**TASK BRIEF:** Retype the listing exactly, minus its pictures.
--- DATASET EXTRACT Enclosed Below ---
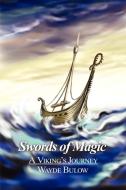 Swords of Magic di Wayde Bulow edito da iUniverse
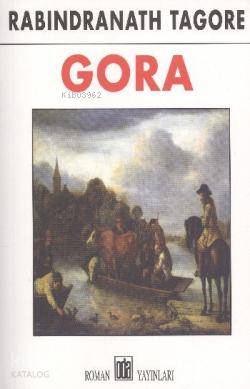  Gora | Rabindranath Tagore | Hasan Murat Başbay | Oda Yayınları | 9789753854009 | 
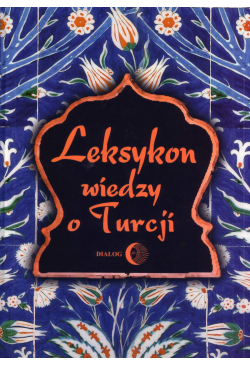 Leksykon wiedzy o Turcji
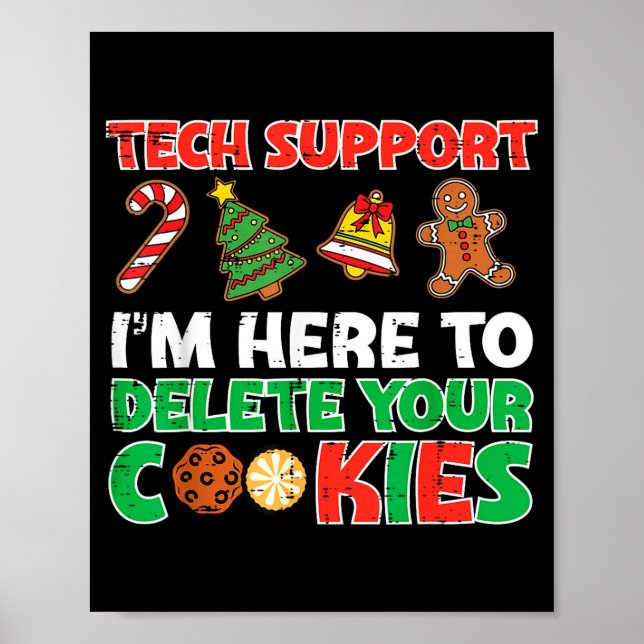 Christmas Tech Suprt Delete Cookies Funny Xmas Men Poster (Front)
--- End of Enclosed DATASET EXTRACT ---
**OUTPUT FOR THIS TASK:**
 Swords of Magic di Wayde Bulow edito da iUniverse
  Gora | Rabindranath Tagore | Hasan Murat Başbay | Oda Yayınları | 9789753854009 | 
 Leksykon wiedzy o Turcji
 Christmas Tech Suprt Delete Cookies Funny Xmas Men Poster (Front)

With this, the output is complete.